Now it’s time for me to get back to my current story. Sometimes my own characters amaze me with the depth of their connection, with the twists and turns. . .and let me tell you, in The Only One, I think there are more ahhhhhhhs than in any of my other books to date. Mason and Rilla are setting the bar high.

What can I say? I just need one more hit. . .yeah, just one. . .

Authors, Readers and Boundaries in this Brave New World

I’m an indie author, and proudly so. I can’t imagine making this journey any other way, because it works for me. It doesn’t mean it’s anyone else’s best choice, but it’s definitely mine.


That being said, it’s not difficult to see the shifts in the landscape of publishing, both positive and negative. I love being in control of my own career. I can publish as much or as little as I choose. I can have the book covers I want, and I can write the characters and story lines I want. I’m my own boss.


Some of the negatives have been slow to develop, but they’re here. I’ve noticed that some readers–none of mine, who are perfect in every way–but some out there have begun to feel that they have the right to dictate to authors what they should and should not write. . .which book should be written before another one. . .which character should live and die.

I’m not sure why exactly this change has come about, but I have a theory. Once upon a time, authors were reclusive creatures. You might write a letter to a favorite author, or you might meet her at a book signing, but there was rarely time or opportunity to share your own take on her plot lines. But here we are in the 21st century, where most authors are on social media, have email addresses available to the public and often post very personal information. Readers feel closer to authors. And in one sense they are; I like my readers very much, and I enjoy what they share with me. As I’ve said before, my readers are perfect. But I see it, and I’ve heard about it.

I like feedback, and I welcome readers’ input. But there is a line. The characters may live out in the book world, but they were born in my head, and that’s where all the magic happens. I’m sorry if some of their actions or decisions aren’t what all readers want, but that’s how it happened, I promise you.

I think the inimitable Nora Roberts captured this perfectly in her recent blog post. It’s called, appropriately enough, Bite Me.

I’m not Nora, I’ll never be Nora, and I would never, ever dare to suggest that I know anything about what she’s experienced. But I see the trend, and not just with the lovely Ms. Roberts. I see it creeping in everywhere.

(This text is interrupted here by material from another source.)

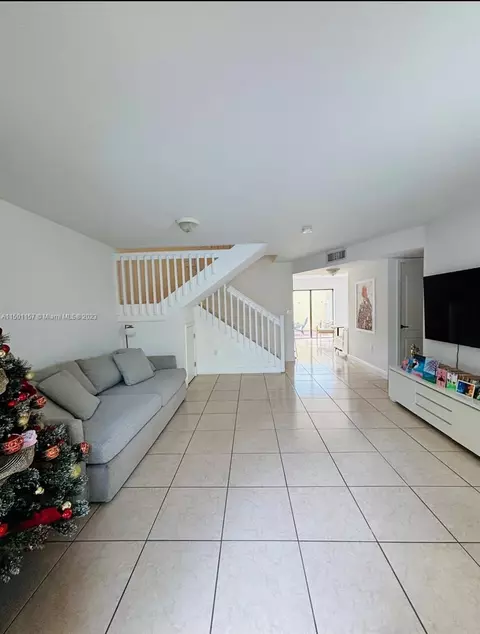11115 W Okeechobee Rd #181, Hialeah Gardens, FL 33018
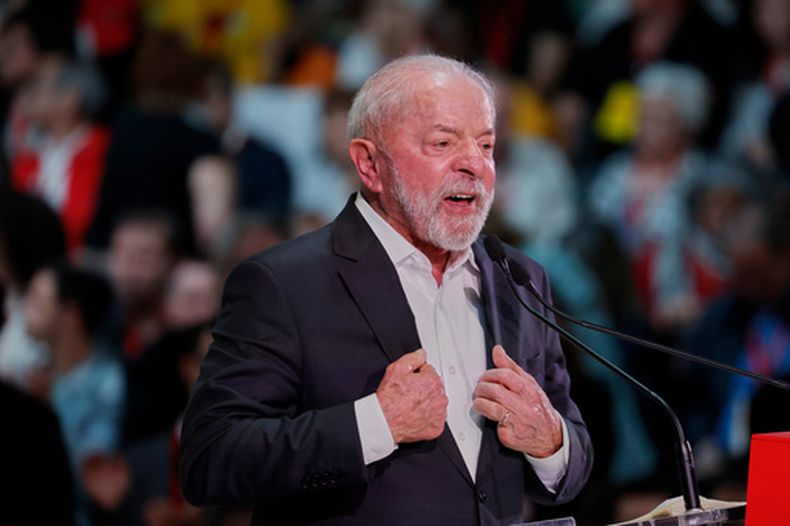El presidente de Brasil Luiz Inácio Lula da Silva pronuncia un discurso durante la cumbre de Movilización Progresiva Global, el domingo 18 de abril de 2026, en Barcelona. (AP Foto/Joan Monfort, Archivo)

I’m not unsympathetic. Heck, if you want the full truth, in the course of my reading lifetime, I wanted Bella not to turn into a vampire (or have a baby, but that’s another story), I wanted Dumbledore not to die, I wanted Claire not to leave 18th century Scotland, and I wanted Rhett not to walk out on Scarlett. But I understood that the story wasn’t mine, and I had to accept the decisions of the author.

(Now, when it comes to a TV show, like, say, How I Met Your Mother, all bets are off. The real ending was not what we saw last spring. I’m sure of it.)

The bottom line is that writers have the right to control the destiny of their own characters without influence or harassment from others. It’s one of our job perks. And if you mess around with us, no worries. . .we’ll just write you into the book. And probably kill you off. Horribly.